BEGIN Data for this task

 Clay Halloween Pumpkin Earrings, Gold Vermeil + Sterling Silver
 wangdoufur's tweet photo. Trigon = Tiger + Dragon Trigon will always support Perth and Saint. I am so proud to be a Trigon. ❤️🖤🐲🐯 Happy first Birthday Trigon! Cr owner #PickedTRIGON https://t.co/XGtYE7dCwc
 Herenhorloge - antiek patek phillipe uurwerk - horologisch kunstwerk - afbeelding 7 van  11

END Data for this task
BEGIN Data for this task

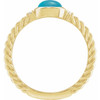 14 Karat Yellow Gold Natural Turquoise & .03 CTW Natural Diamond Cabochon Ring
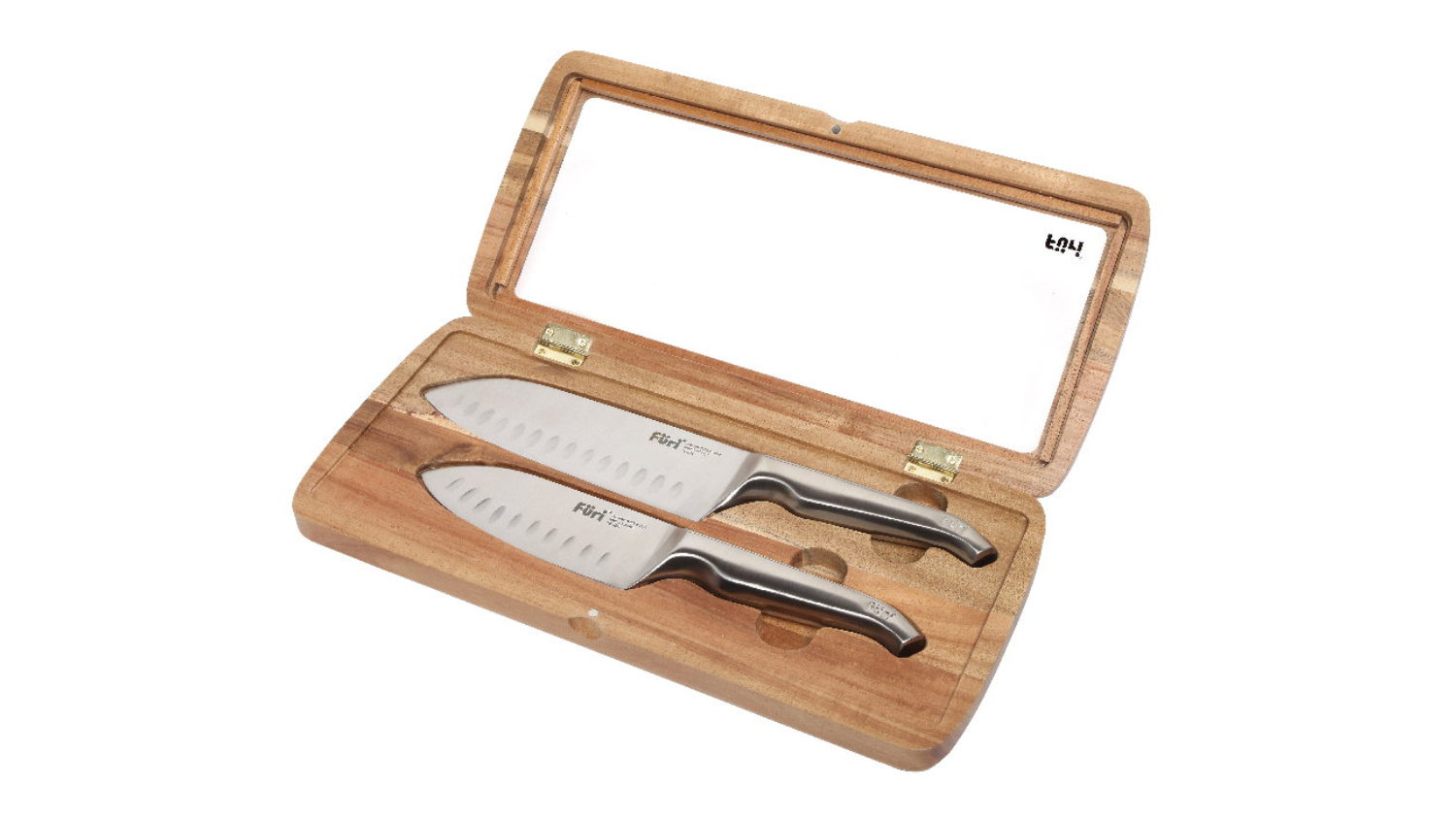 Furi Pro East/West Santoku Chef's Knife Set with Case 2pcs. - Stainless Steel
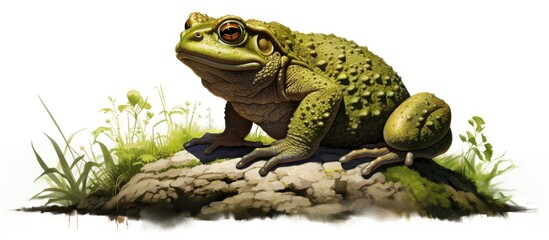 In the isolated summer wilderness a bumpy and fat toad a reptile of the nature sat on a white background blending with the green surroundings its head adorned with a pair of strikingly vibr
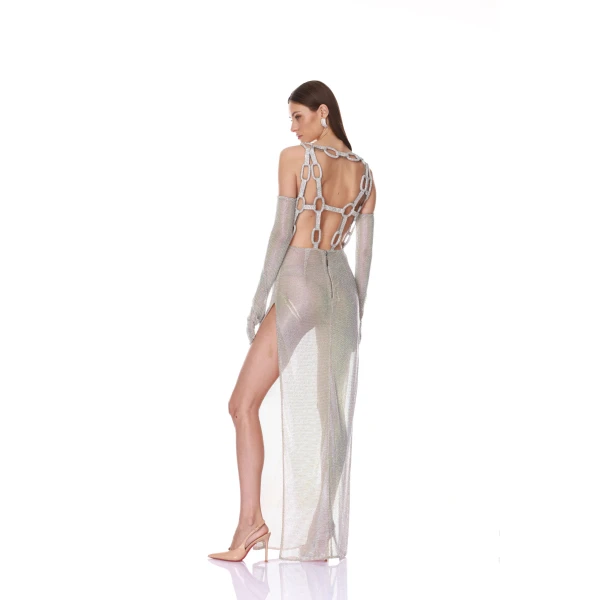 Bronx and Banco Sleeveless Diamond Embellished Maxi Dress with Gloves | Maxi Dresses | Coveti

END Data for this task
BEGIN Data for this task

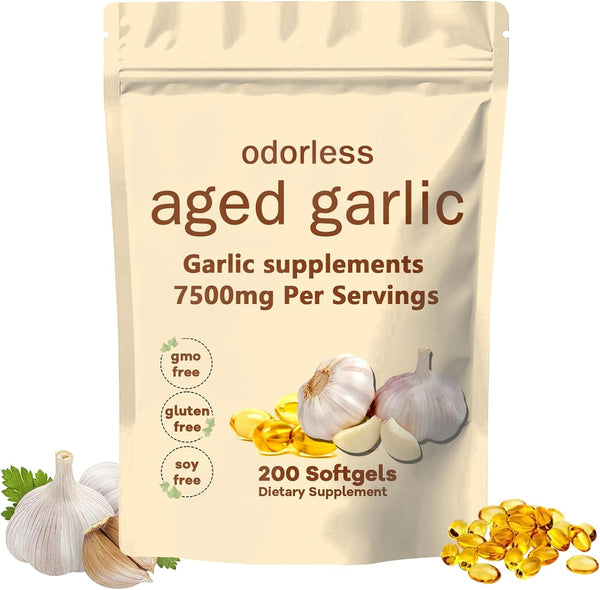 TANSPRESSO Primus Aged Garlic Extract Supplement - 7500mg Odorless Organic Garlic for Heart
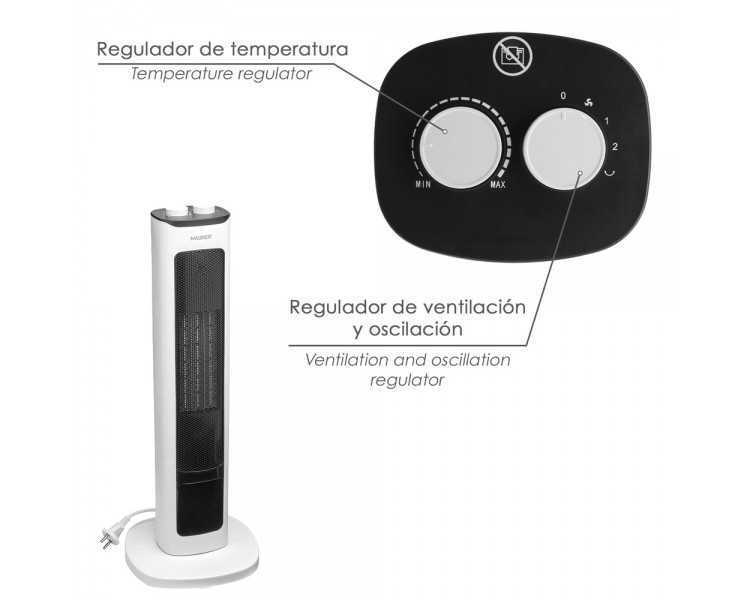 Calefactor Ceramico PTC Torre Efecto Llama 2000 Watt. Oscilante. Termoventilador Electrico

END Data for this task

- _How to complete this task_: Leaving out all pictures, set down exactly the lines of the material above, from the line with "Furi Pro East/West" to the line with "Bronx and Banco" inclusive, and no others.

- _Finished exercise_:
 Furi Pro East/West Santoku Chef's Knife Set with Case 2pcs. - Stainless Steel
 In the isolated summer wilderness a bumpy and fat toad a reptile of the nature sat on a white background blending with the green surroundings its head adorned with a pair of strikingly vibr
 Bronx and Banco Sleeveless Diamond Embellished Maxi Dress with Gloves | Maxi Dresses | Coveti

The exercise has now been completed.